To build an HIN for these Wikipedia articles, we treated each document and each image as a node. An edge forms between a document node and an image node when the image appears in the article. We scraped the Wikipedia pages in the HTML format and built the graph representing it. However, as documents rarely share the same image, the resulting HIN contains many disjoint component and is not suitable for running RankClass.

In order to introduce more connections, we proposed the creation of feature nodes, linking each document with the text features extracted from it, with the edge weights being the feature values. Similarly, each image is connected to image feature nodes, and each image caption is connected to text feature nodes.

HeteroGraphWithLegend.png
The resulting HIN with text feature nodes and image feature nodes.

By including the feature nodes, F-RankClass naturally provides a unified framework for both binary and multiclass classification of multimodal and unimodal datasets. Another merit of F-RankClass is that it does not require features extracted from multimodal data to have a fixed dimension as only extra links between nodes representing features and data objects are added.

We further split the Wikipedia dataset into 3 sub-datasets:

  1. Art, IT
  2. History, Science
  3. Business, Language/Literature, Math, Religion

We performed binary classification on Datasets 1 and 2, and performed multiclass classification on Dataset 3.

The first experiment is a unimodal, text-only classification task.

text_classification.png
Text classification accuracy. Linear SVM is used as a baseline as in most text classification research work at the time. F-RankClass outperforms linear SVM on all three datasets, with the best improvement being 27.3%.

Next, we performed joint text-image classification.

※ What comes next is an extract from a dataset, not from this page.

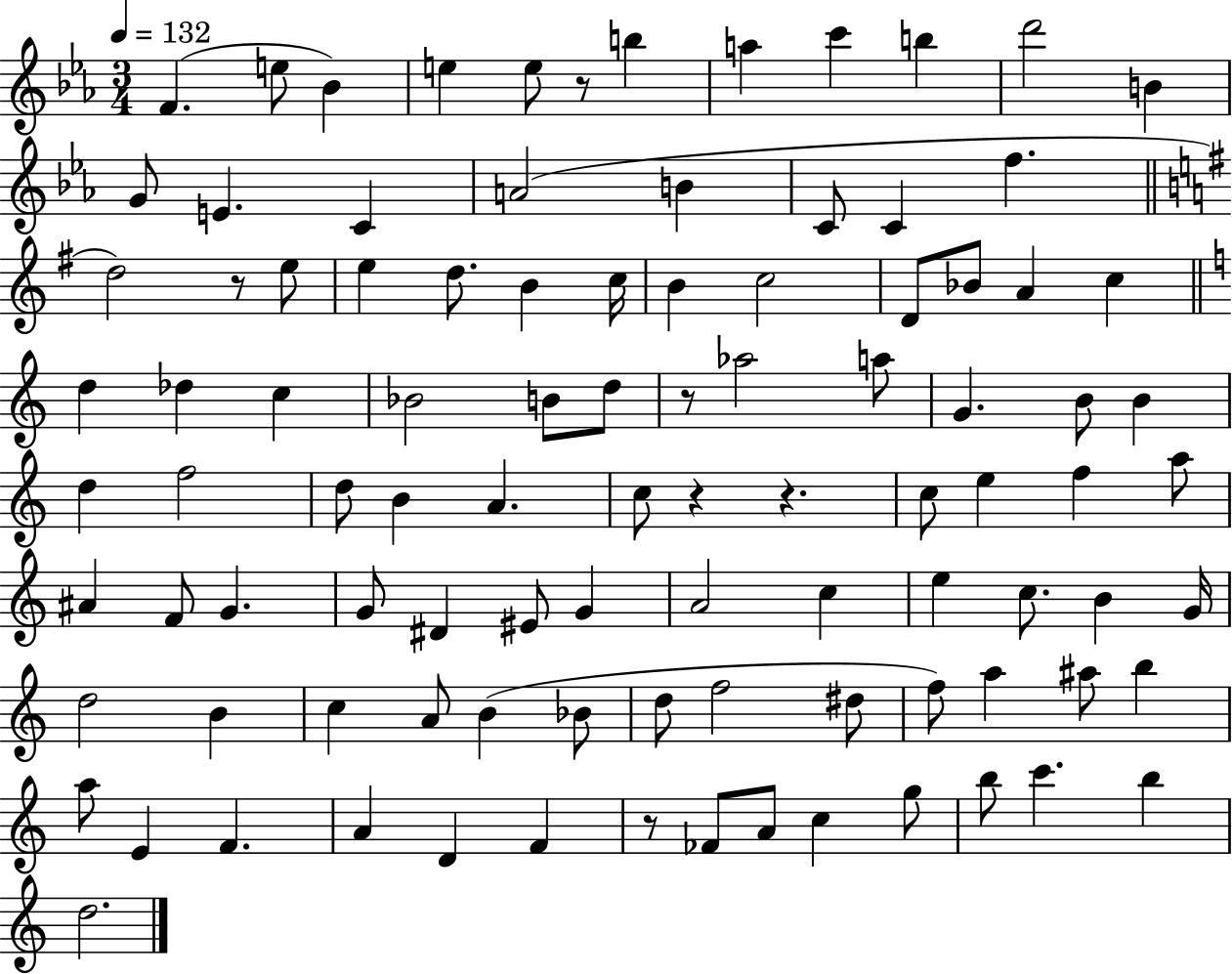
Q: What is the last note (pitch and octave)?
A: D5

multimodal_text_classification.png
Text accuracy in joint text-image classification. Linear SVM is used as a baseline. SVM-Meta is an SVM-based meta classifier. Again, F-RankClass outperforms linear SVM on all three datasets, with the best improvement being 23.7%.
multimodal_image_classification.png
Image accuracy in joint text-image classification. Linear SVM is used as a baseline. SVM-Meta is an SVM-based meta classifier. F-RankClass outperforms linear SVM on two datasets, with the best improvement being 18.7%.

More experiments on image-only classification, hyperparameter tuning, and other details can be found in the paper.